Phil Smith's verdict: Inside the 'philosophy tweak' delivering impressive Sunderland form amid an injury crisis
Lee Johnson's reflections after that wretched night at Shrewsbury felt significant.
The Sunderland Head Coach talked of getting back to basics and putting round pegs in round holes.
When Doncaster arrived at the Stadium of Light a few days later his team selection showed him being true to his word, and the comprehensive win that followed appeared to lay down something of a template.
Luke O'Nien and Max Power reinstalled in midfield; Conor McLaughlin back at full-back. The pressing was aggressive, the service to the two wingers quick and efficient.
It was the best example we had seen yet of the 'counterpressing' game that Johnson was brought to the club by Kristjaan Speakman to implement.
It's to the credit of both Johnson and his squad that even as injuries have forced a complete overhaul of that Doncaster XI, they have taken big steps towards the top two.
This win was a tough watch at times but the League One table speaks for itself; a major step forward.
The Sunderland Head Coach, buoyed by how strong his side had finished the game against Fleetwood last week, had attempted to move back to one of his preferred systems at Crewe Alexandra on Saturday.
Against a good side on their own turn and a powerful front two, the move backfired with Sunderland tentative and all too often just outright overrun.
It came as no surprise, then, to see Johnson revert to a back three for the opening stages of Swindon's visit but even then, there were further problems.
In this tricky period Conor McLaughlin's experience and versatility has been crucial but a setback in his recovery from a hernia operation left Johnson with just two senior defenders available.
When Sunderland travelled to Swindon earlier this season they ended the game with what looked then to be just about the most unorthodox back five you could ever expect to see: Diamond, McLaughlin, Wright, O'Nien, Gooch.
Here, they started the game with one to trump even that: Gooch, Power, Sanderson, O'Nien, McFadzean.

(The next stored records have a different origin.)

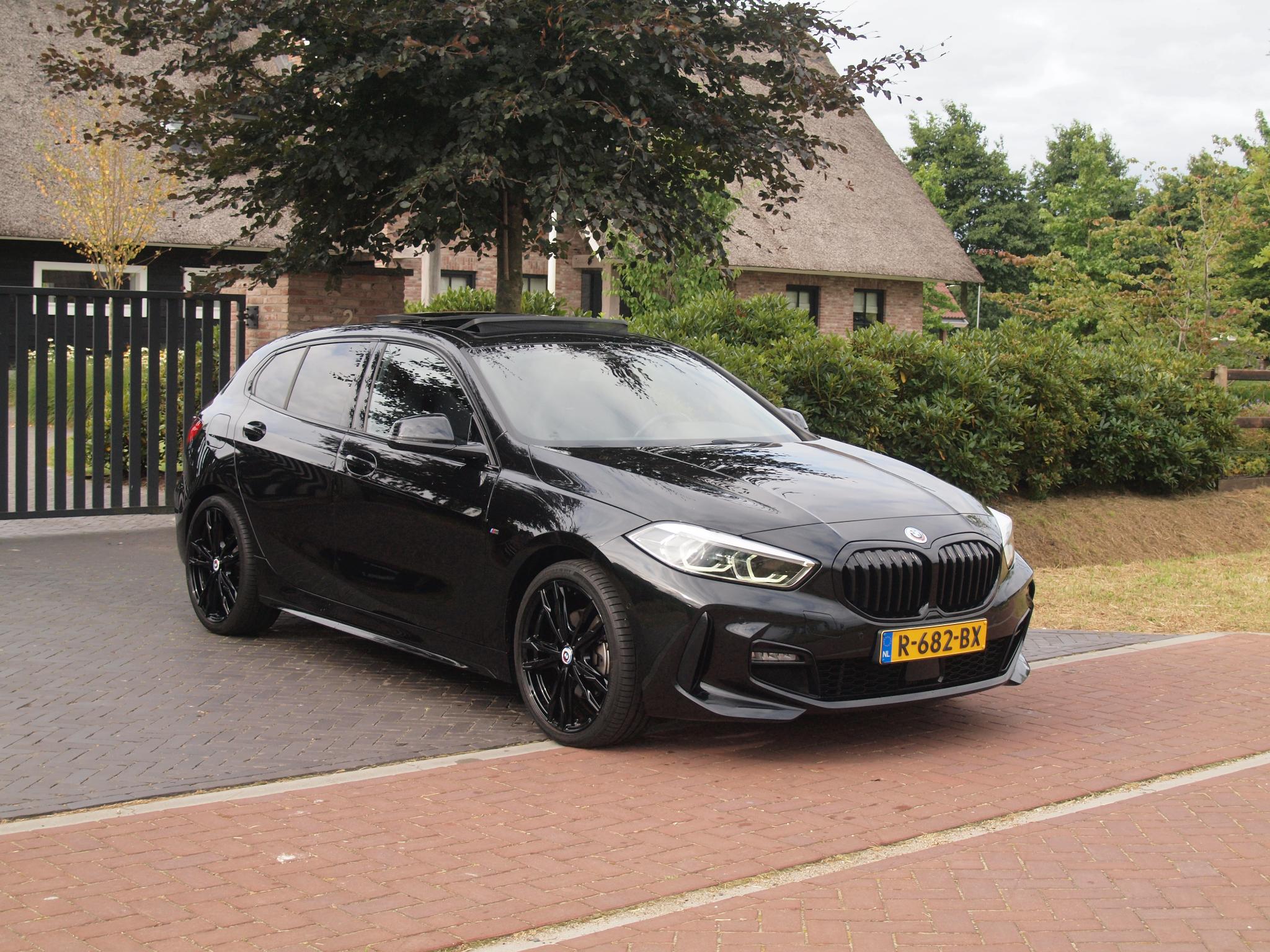Foto van BMW 118i
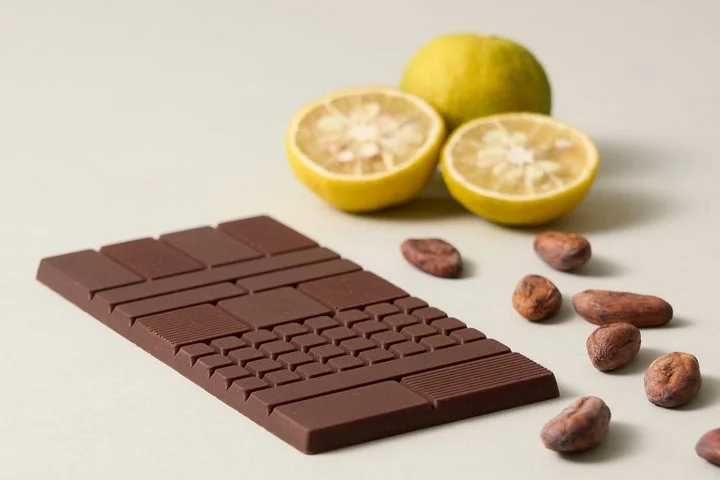 チョコレートと柚子の実、カカオ豆が配置された様子。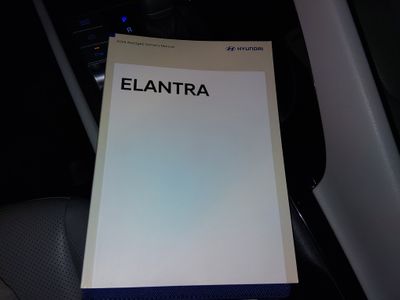 2024 Hyundai Elantra - Photo 22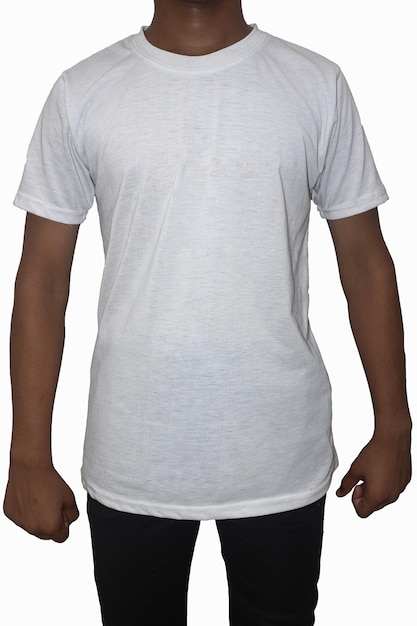 Hiszpanie młody człowiek ubrany w białą koszulkę dorywczo makiety do nadruku na koszulce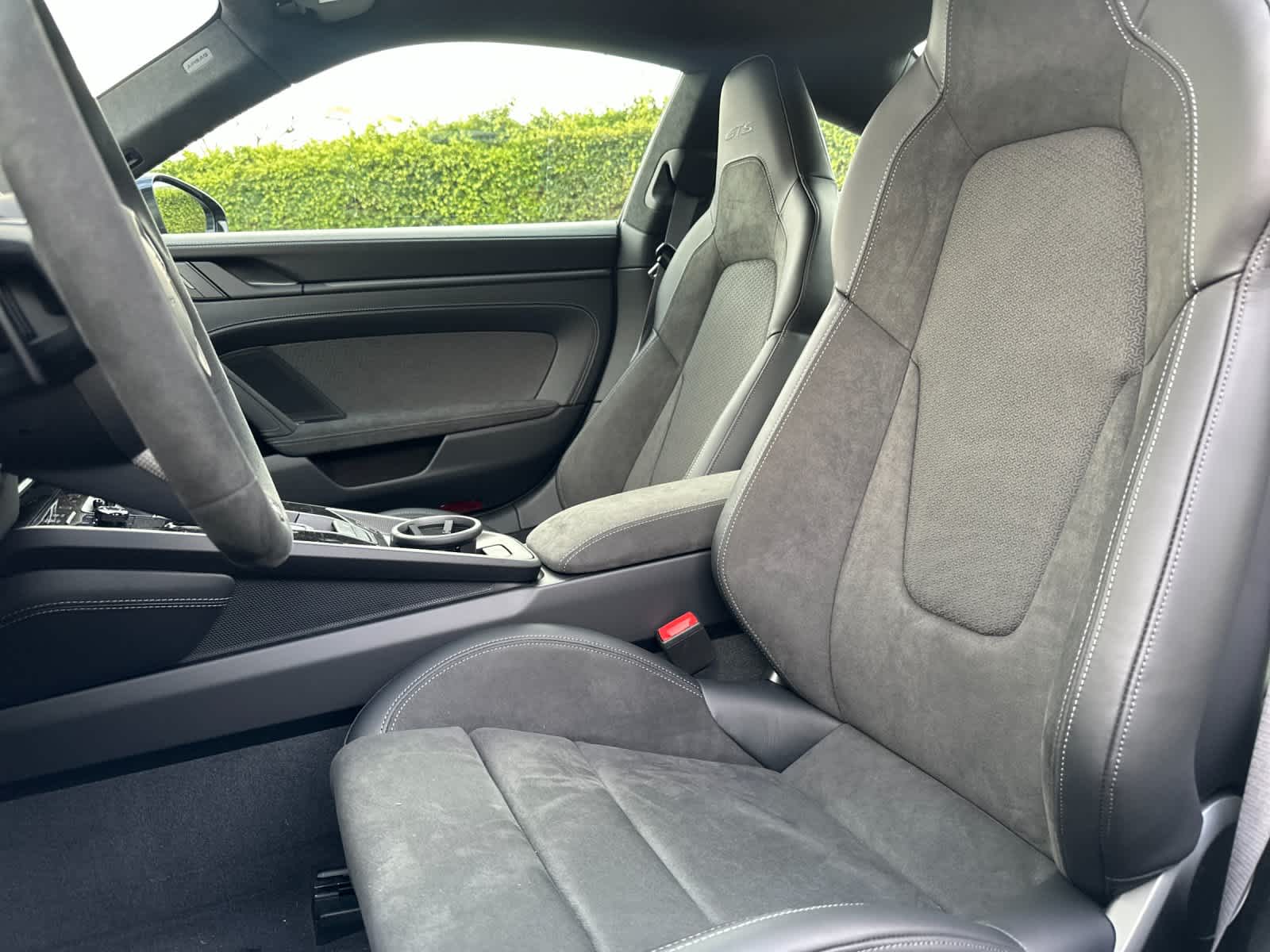 Thumbnail: 2026 Porsche 911 - 5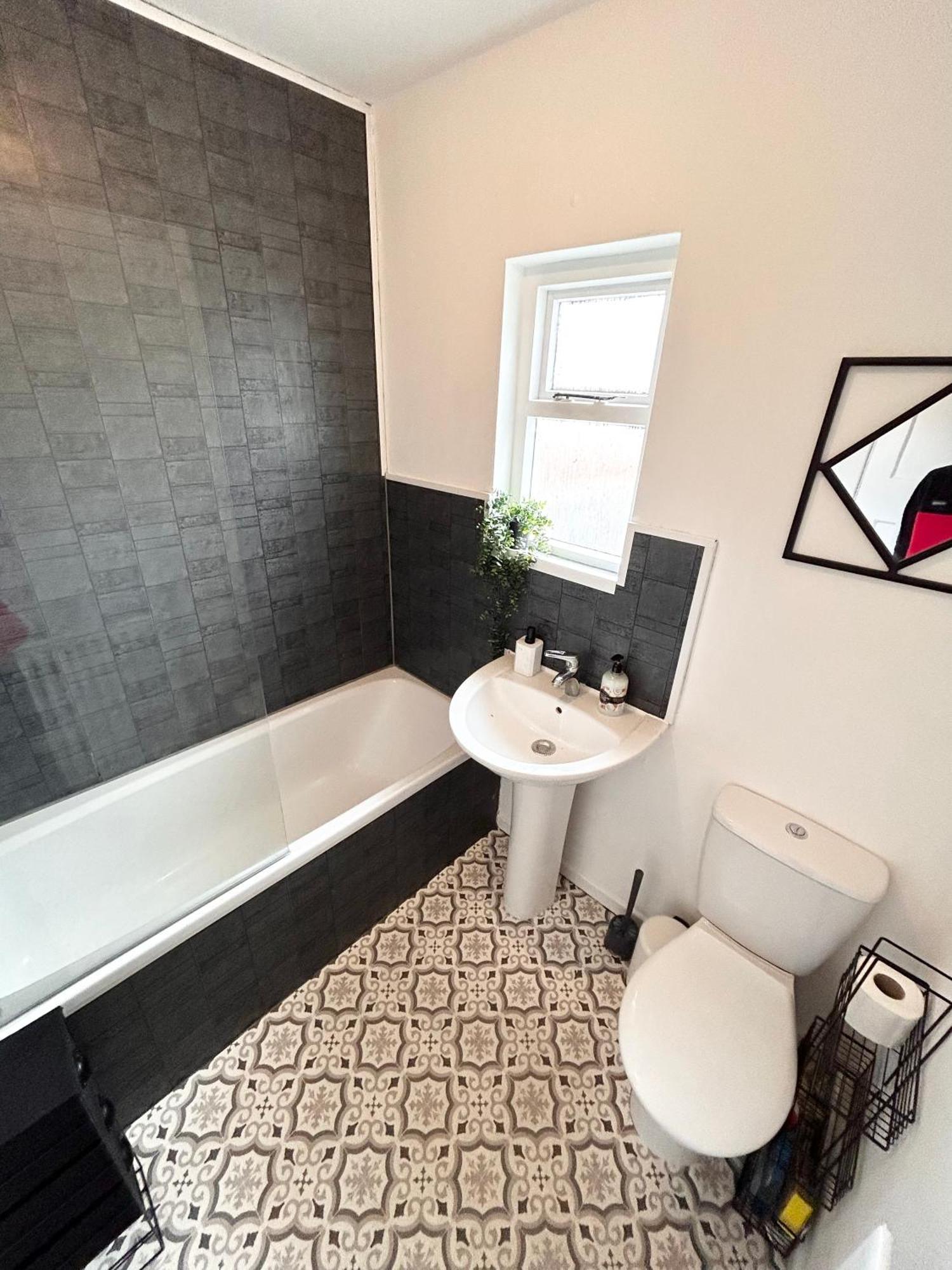 Snug Central Belfast Home, 2 Minutes From Ormeau Park! Exteriör bild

Johnson had joked when this injury crisis first started to bite that one upside could be it moving him closer to realising his dream of fielding a team of eleven central midfielders.
Tongue may have been firmly in cheek but Sunderland's Head Coach has tried to embrace the circumstances as much as possible and as a result his side have taken on a slightly different style.
While defensively they are clearly a touch more uncertain, the personnel he is naming at the back does mean that he can have confidence in their ability to carry the ball out and start moves.
Power in particular made an impressive start to a most unfamiliar role at the right of the back three, orchestrating the play in front of him and helping to build up moves down the right flank.
Sunderland took almost complete control of possession from the off; Swindon's ambition clearly limited.
Brett Pitman is a powerful striker who has caused the Black Cats problems in the past but here he was too isolated and what little service he did have was impressively swept up by Sanderson and O'Nien.
Those opening exchanges were the perfect example of Johnson having adapted to a more 'total football' philosophy as he bids to manage the options he currently has.
There was a spell in the first half where Swindon looked as if they might buckle but they dug in and gradually the hosts began to lose their way.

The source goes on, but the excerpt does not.